Question

A common test for tuberculosis (TB) is a skin test, where protein is injected into a person’s arm and the person tests positive for TB if a rash develops. The probability of the person testing negative when they have TB is 1% (false negative). In some cases, a rash can develop even if the person does not have TB (false positive). Assume the probability of a false positive is 5%. Only 4 in 10,000 people have TB.

(a) Let T + mean “tests positive”, T − mean “tests negative”, and D mean “has the disease TB”. Use proper probabilistic notation to write three probabilities that are directly given in the information above.

(b) Draw a tree diagram (based upon the conditional information that is given) to show all possibilities. Fill in all probabilities along the tree.
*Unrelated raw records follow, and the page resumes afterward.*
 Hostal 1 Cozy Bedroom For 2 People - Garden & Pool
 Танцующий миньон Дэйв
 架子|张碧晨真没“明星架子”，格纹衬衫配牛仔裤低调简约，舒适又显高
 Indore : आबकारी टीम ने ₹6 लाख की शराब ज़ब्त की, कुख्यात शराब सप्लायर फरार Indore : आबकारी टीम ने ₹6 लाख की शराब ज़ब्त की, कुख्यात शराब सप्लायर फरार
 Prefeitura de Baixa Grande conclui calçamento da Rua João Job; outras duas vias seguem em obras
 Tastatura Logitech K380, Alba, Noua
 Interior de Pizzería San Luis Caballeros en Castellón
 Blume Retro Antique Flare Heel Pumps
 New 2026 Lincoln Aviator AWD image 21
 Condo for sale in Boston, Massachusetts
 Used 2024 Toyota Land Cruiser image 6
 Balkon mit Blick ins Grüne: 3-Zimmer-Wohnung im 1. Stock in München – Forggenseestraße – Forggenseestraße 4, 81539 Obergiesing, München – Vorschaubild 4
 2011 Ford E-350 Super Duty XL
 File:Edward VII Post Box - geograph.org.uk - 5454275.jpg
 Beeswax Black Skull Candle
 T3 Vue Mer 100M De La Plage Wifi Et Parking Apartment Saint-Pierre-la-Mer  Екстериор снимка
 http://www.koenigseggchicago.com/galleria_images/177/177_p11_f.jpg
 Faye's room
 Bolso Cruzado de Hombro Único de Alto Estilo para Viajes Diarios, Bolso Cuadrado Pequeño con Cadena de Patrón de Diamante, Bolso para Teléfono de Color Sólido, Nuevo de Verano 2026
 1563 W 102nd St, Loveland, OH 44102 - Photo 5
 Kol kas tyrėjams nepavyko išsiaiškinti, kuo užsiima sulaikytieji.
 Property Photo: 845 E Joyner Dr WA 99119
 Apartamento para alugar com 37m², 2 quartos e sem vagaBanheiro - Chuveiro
(c) What is the probability that a randomly selected person will test positive for TB? Show all work, and use proper notation. You may leave your answer numerically unsimplified.

(d) What is the probability that a randomly selected person who tests positive actually has TB? Show all work, and use proper notation. You may leave your answer numerically unsimplified.

Answer 1

(a)

Denote Dꞌ as the complement of the event D, that is, Dꞌ denotes “does not have the disease TB”.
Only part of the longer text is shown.